Questions of imputed income arise when a person’s income diminishes while his earning capacity remains the same. Sometimes in a divorce, one party (usually the husband) may reduce his income in a bid to dodge alimony or child support. For example, the Wall Street powerhouse who quits the world of finance to become a street musician in New Orleans may raise questions of imputed income in his divorce.
In some cases, imputed income is used in child support cases when a judge believes a parent has deliberately become unemployed or underemployed for the purpose of lowering his child support payments. In such a case, the judge may impute a reasonable amount of income to that parent. This basically means the judge evaluates child support obligations based on the amount of income he believes that parent should have.
Income must be imputed for child support purposes; however, in most jurisdictions the court is not required to impute income for alimony. Since child support is determined based on a statutory schedule calculated using the incomes of both parties, the imputed income issue must be resolved before child support can be determined.
As with alimony, a trial judge may find several reasons not to impute income. The legal justification for not imputing income for child support is the same as for alimony.
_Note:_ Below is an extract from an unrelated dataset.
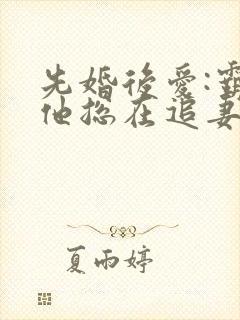 先婚后爱:霸总他总在追妻黎浅小说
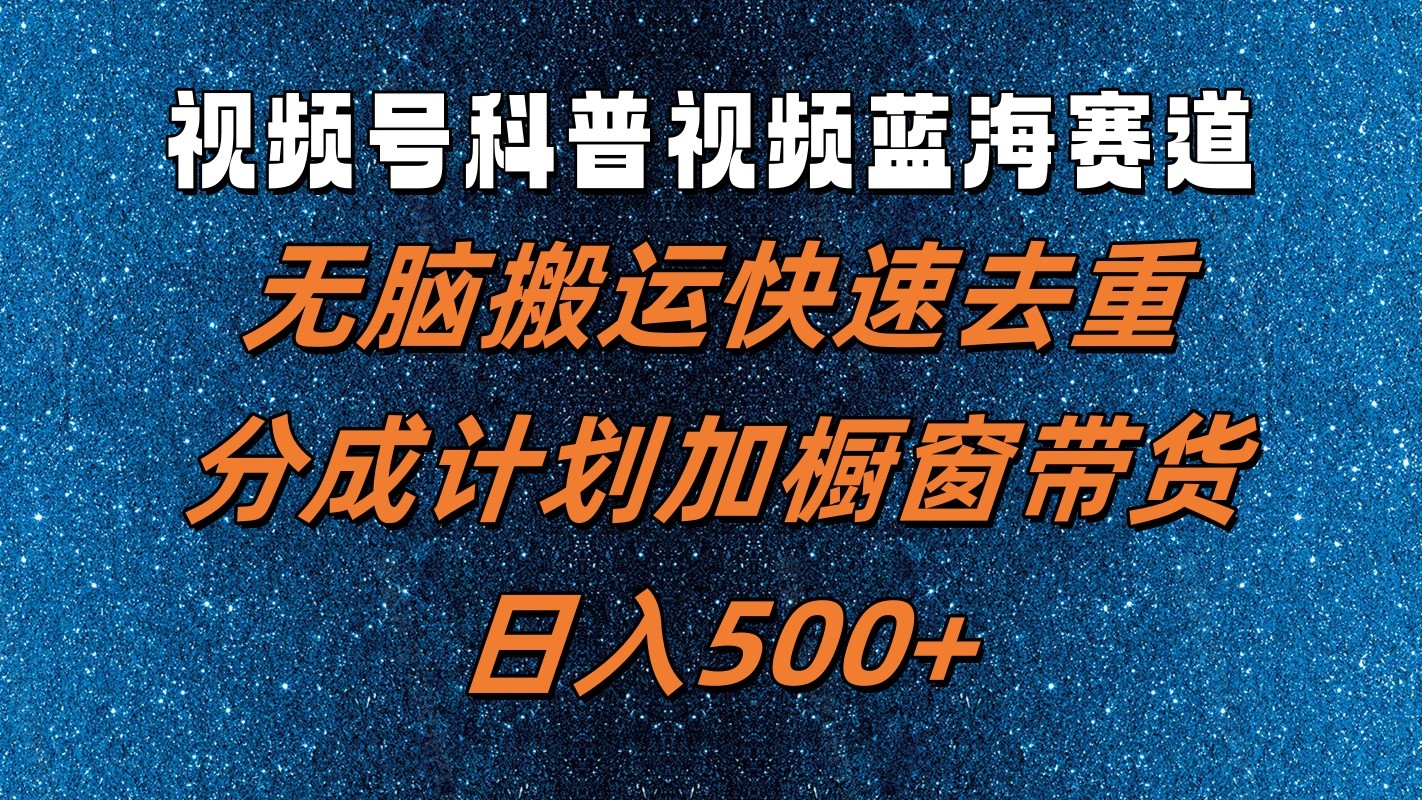 视频号科普视频蓝海赛道，无脑搬运快速去重，分成计划加橱窗带货，日入500+-占领资源网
Generally, alimony is based on the need of one spouse for it and the ability of the other to pay it. The standards of living, as established by the parties during the marriage, usually defines part of the need portion of the equation. Offsetting the need is the amount the receiving spouse earns or could earn. The potential amount is called imputed income. That is, the trial judge may impute to the receiving spouse some amount of monthly income and calculate the paying spouse’s requirement to pay as though the receiving spouse was actually earning that amount.
The basis for the determination of the amount of imputed income is not a simple mathematical calculation. It also may, and often does, require the testimony of expert witnesses. Vocational evaluation experts examine the spouse requesting alimony to determine if he or she is capable of working.